Dr. Noam Weissman said he learned two lessons — one about teenagers and their thought processes, and one about his personal Zionism.

“Understanding and really going through an analysis of the identity development of teenagers is a process, and not something that is a given,” Dr. Noam Weissman said, “and it’s not something that many educators pay enough attention to.

“We all have to go through identity challenges in order to arrive at identity achievement,” he continued. “Educational Psychology is understanding how humans are motivated, how people acquire knowledge, how organizations function. It’s one thing to experience it, and it’s another thing to understand the theories of how students learn, how students feel, and how students can get motivated.”

 

General Studies Principal Mr. Daniel Weslow is hoping to finish his Ed.D. at Pepperdine University in February or March.  He started it back in 2007, but had to step away from it for a variety of personal reasons and has now gotten back to it and is almost done.

Mr. Weslow’s dissertation focuses on students’ transitions to high school between eighth and ninth grade in private schools, independent schools, Jewish schools and Catholic schools.

“My entire career I’ve been in middle schools or high schools or running secondary schools,” Mr. Weslow said, “so I’ve seen the interactions between students, parents and faculty in different stakeholders with that transition and how significant it is.”

He is studying how students adapt, how faculty is involved and assists and how the transition affects parents.

He hasn’t formulated his thesis yet, but his evolving observation is that no two schools approach the transition the same way — that each school has its own way of acclimating ninth-graders, and that regardless of institutional values, norms and priorities, there’s a thoughtful process.
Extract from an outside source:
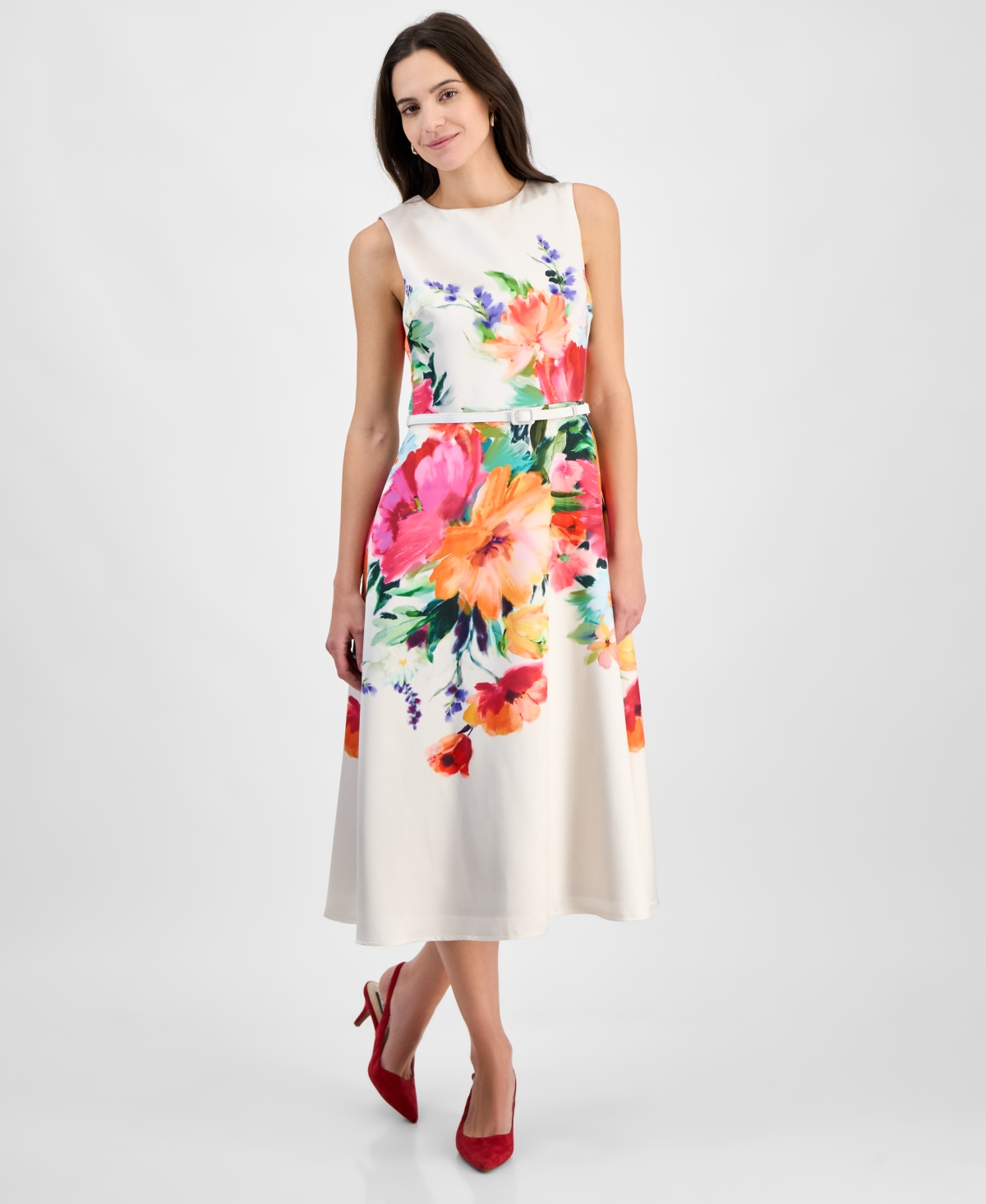 Women's Floral-Print Belted Sleeveless Midi Dress - Ivory/mult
“It’s always changing to improve, with students’ success and support being the number one priority,” said Mr. Weslow.

 

All nine of the teachers struggled or are struggling to balance their dissertations and family life.

Dr. Noam Weissman said his dissertation took a toll.

“I don’t think I was healthy for three years,” he said. “It’s something that I’m trying to get better at. I definitely saw my family less.”

Like Dr. Weissman, Mr. Weslow wakes up early in the morning, but he uses that morning time to read the paper or catch up on TV. When he gets home from work, he turns his phone off for 90 minutes to be present for his family, and then will work on his dissertation four nights a week, especially on weekends.